Exercise objective: Repeat exactly, and only, the lines below starting at the line that contains "Lot 9 Supermicro" and ending at the line that contains "Really great Louis Vuitton monogram purse.", inclusive of both.

Provided data:
---+---

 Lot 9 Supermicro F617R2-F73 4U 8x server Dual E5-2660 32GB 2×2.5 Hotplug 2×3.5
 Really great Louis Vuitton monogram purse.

---+---

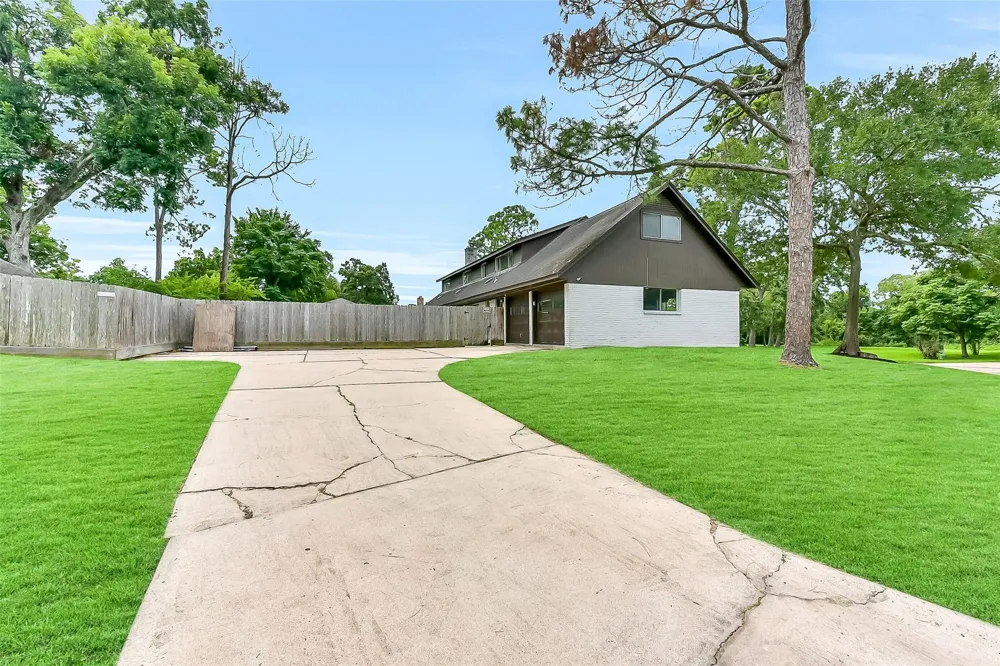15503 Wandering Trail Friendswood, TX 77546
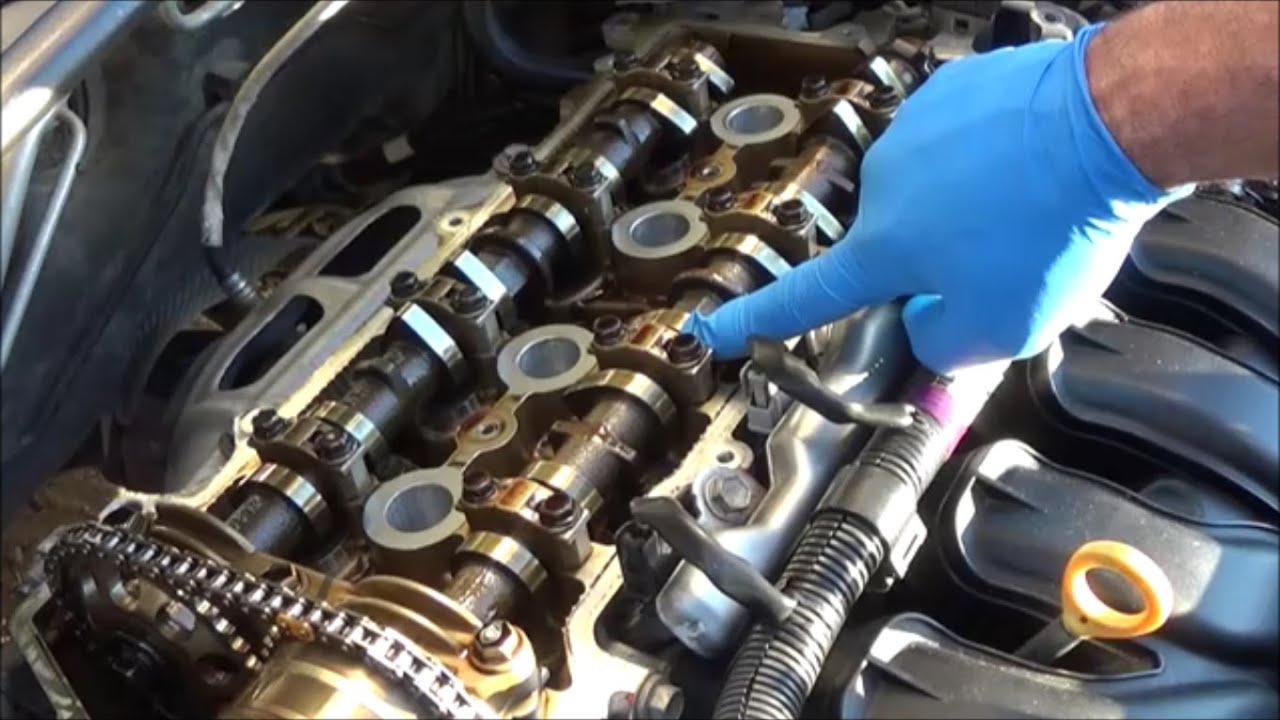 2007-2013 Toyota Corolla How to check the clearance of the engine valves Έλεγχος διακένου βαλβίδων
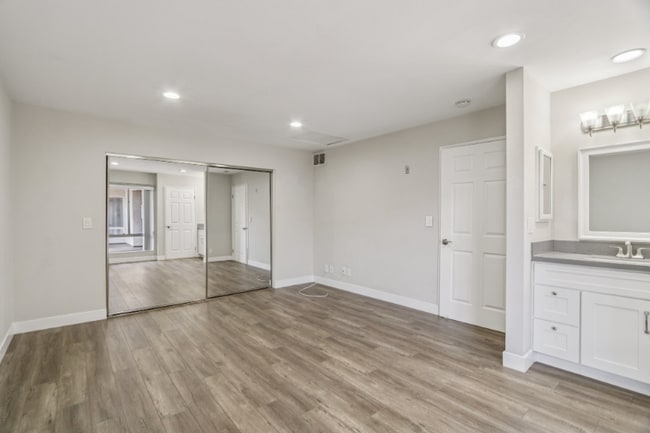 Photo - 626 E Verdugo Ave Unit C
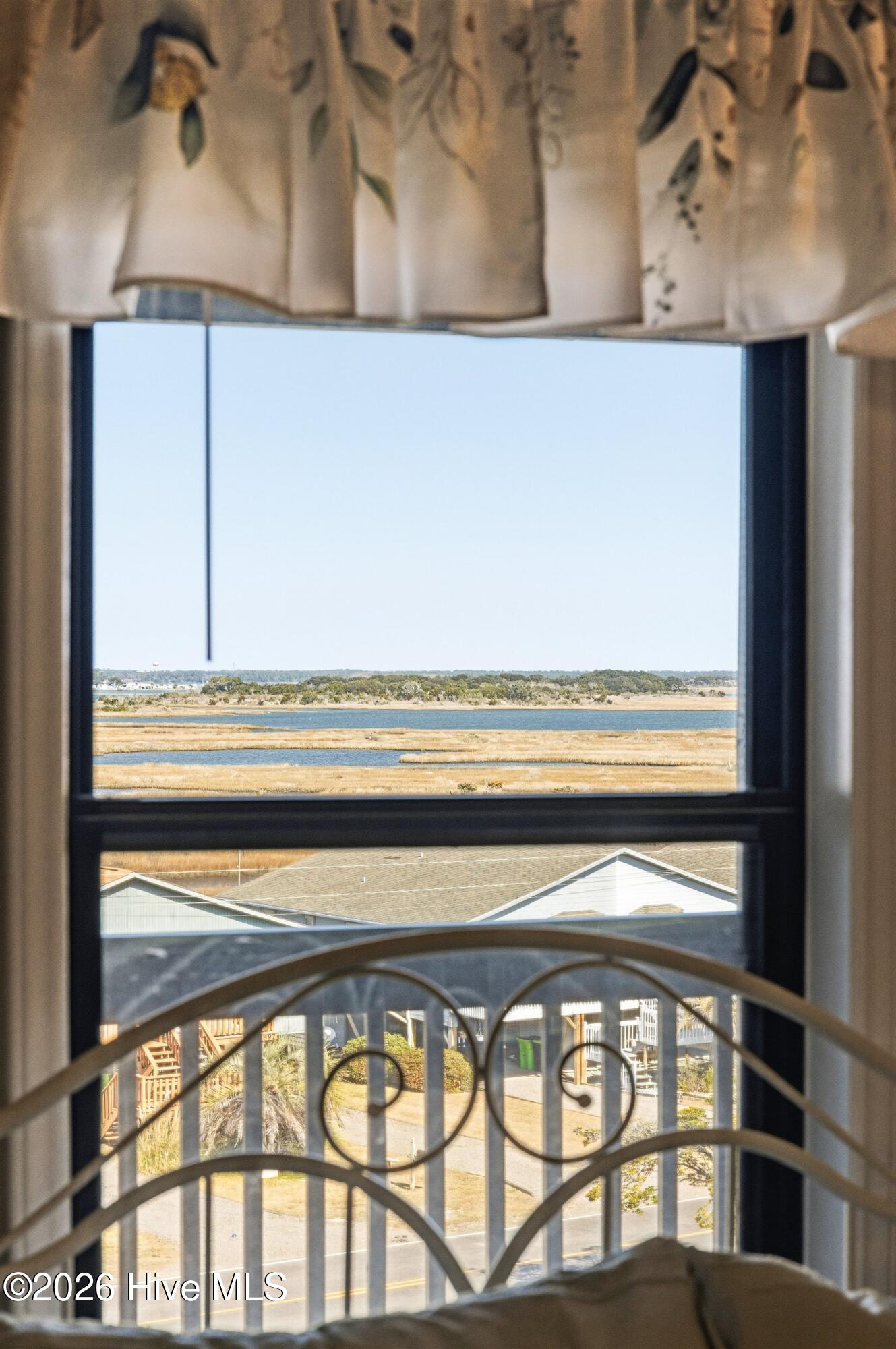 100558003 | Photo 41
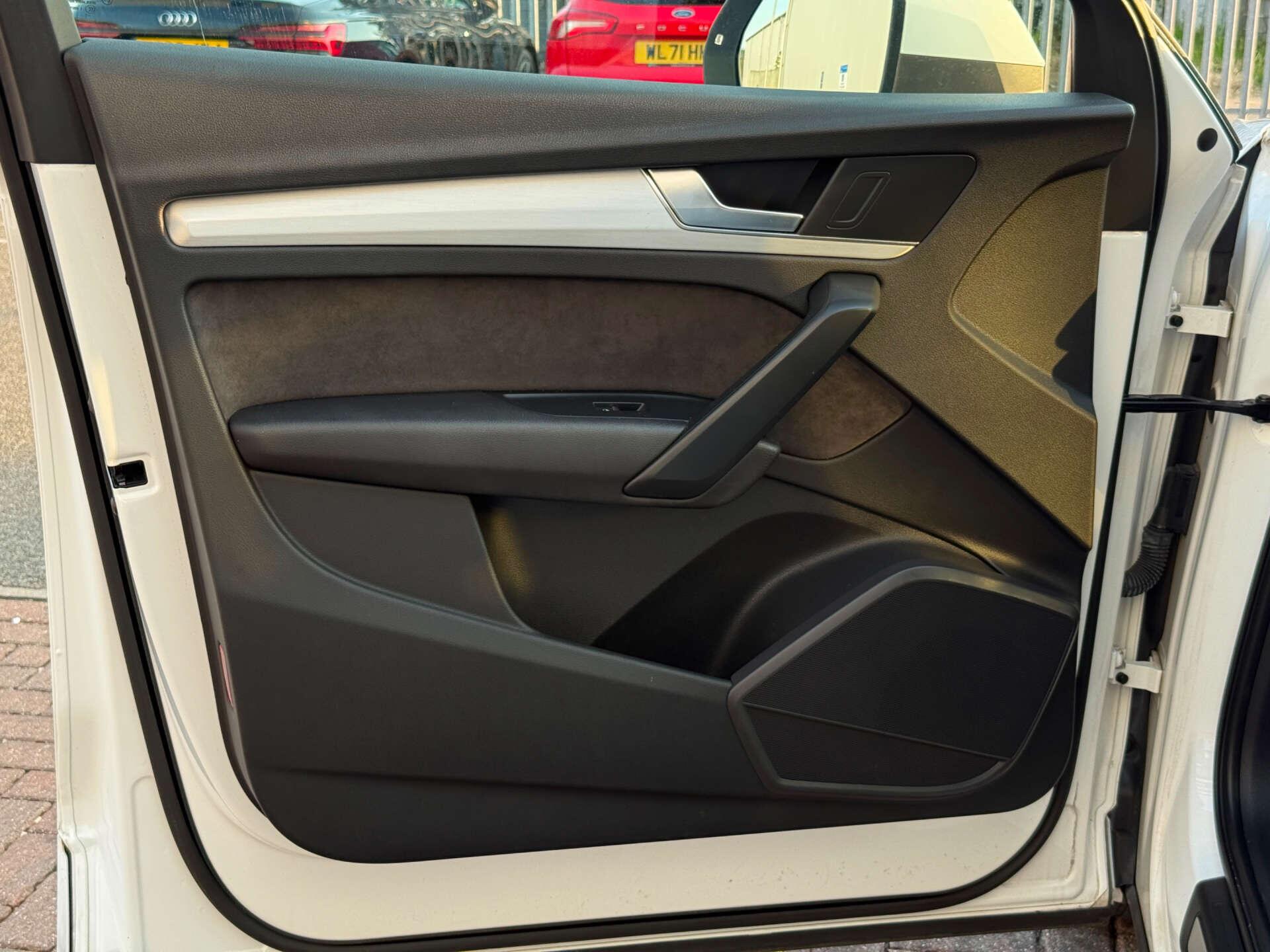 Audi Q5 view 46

---+---

Exercise result:
 Lot 9 Supermicro F617R2-F73 4U 8x server Dual E5-2660 32GB 2×2.5 Hotplug 2×3.5
 Really great Louis Vuitton monogram purse.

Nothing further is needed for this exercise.